# WHAT TO WORK ON:
Copy word for word the lines of the records below, beginning at the one with "To summarize: when" and finishing at the one with "Welcome to the", ends included, but none of the pictures.

(DATA PROVIDED)

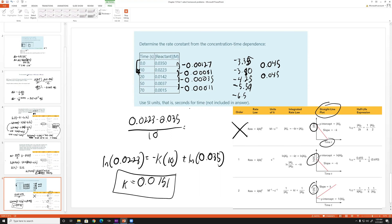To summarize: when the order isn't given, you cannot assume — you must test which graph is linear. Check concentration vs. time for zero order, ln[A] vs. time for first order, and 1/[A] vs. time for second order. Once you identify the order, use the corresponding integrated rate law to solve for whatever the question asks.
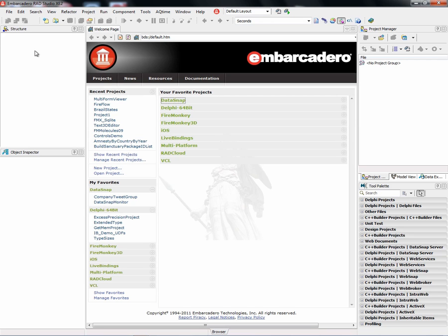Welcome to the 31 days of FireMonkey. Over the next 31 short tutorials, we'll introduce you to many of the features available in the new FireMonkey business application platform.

(End DATA PROVIDED)
(DATA PROVIDED)

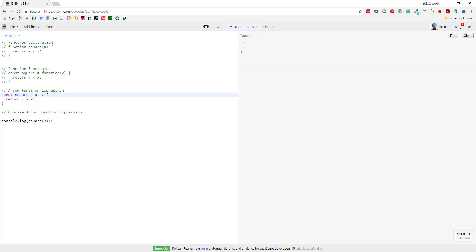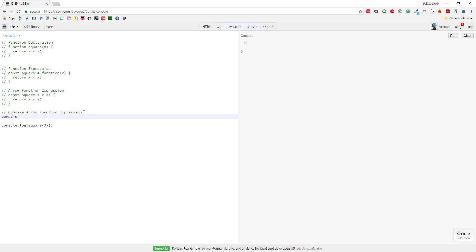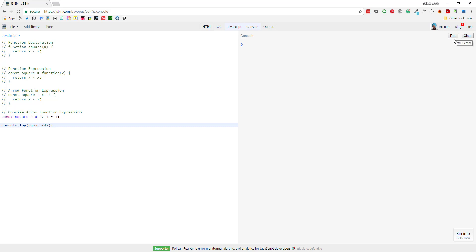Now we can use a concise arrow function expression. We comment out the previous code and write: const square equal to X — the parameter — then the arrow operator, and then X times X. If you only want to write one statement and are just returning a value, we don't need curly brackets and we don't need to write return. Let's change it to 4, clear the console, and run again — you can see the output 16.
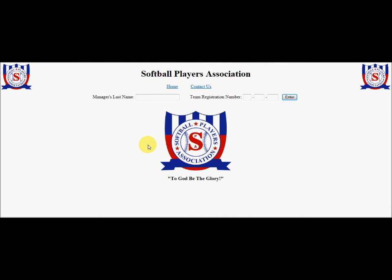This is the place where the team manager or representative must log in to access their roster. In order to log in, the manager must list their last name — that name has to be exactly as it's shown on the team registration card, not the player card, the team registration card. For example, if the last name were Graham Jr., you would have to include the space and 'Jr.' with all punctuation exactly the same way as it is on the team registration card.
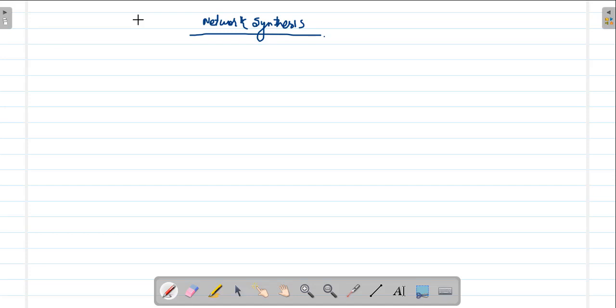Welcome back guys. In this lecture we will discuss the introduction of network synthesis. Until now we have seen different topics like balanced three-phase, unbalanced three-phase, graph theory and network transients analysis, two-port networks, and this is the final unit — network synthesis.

(End DATA PROVIDED)

# SOLUTION:
To summarize: when the order isn't given, you cannot assume — you must test which graph is linear. Check concentration vs. time for zero order, ln[A] vs. time for first order, and 1/[A] vs. time for second order. Once you identify the order, use the corresponding integrated rate law to solve for whatever the question asks.
Welcome to the 31 days of FireMonkey. Over the next 31 short tutorials, we'll introduce you to many of the features available in the new FireMonkey business application platform.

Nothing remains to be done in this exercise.